I'm talking about actual combat reports and accounts from books- not wiki'. I've never read of an account of shots bouncing off the P4's front.
The 80mm vertical was a very theoretical protection that was within the upper limits of the 76mm/75mm's performance. Special AP rounds were enough to go through it although conventional AP rounds were less certain.
I can´t completely follow this logic. Tungsten rounds which greatly improved performance in regard to armor penetration weren´t very common. M4 Shermans, even with the 76mm gun didn´t get them in the west until 1945. Those were reserved for the tank hunters.
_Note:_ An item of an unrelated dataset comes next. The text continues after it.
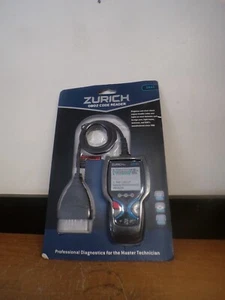 NEW ZURICH ZR4S OBD2 CODE READER - Bild 1 von 1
Those rounds were also less accurate.
And those few rounds don´t make the enemy tank bad in every engagement. It would be saying that the IS-2 would be an easy kill always, because the tungsten round of the Panther could penetrate it at long range - though if we look at the reality there were almost no Pzgr. 40 available.
You say yourself that regular AP rounds were less certain to go through the Panzer IVs armor. Thus I think we both agree that the Panzer IV actually had the advantage of engagement range and protection until 1944.
The IV-H was very much a late war tank..within the last year of the war sort of business. T-34/85's, Shermans 76/Fireflies had proliferated greatly since then- the latter often encompassing half of tank platoons and the former being universally adopted by tank units.
I´m not comparing the Panzer IV to the later Shermans and T-34 here. I´m talking about the time from early 1943 - summer 1944, were Soviet tank losses increased drastically. This actually has to do with the upgun and increase of protection on the Panzer IV. Actually Shermans were mostly 75mm versions in Normandy. Allies were surprised to see an increasing number of Panthers and only by August there was an increasing number of 76mm armed Shermans available. The British meanwhile had the Firefly, but only 1 of 5 Shermans was this version. The Germans in the defensive role thus picked Fireflies out first.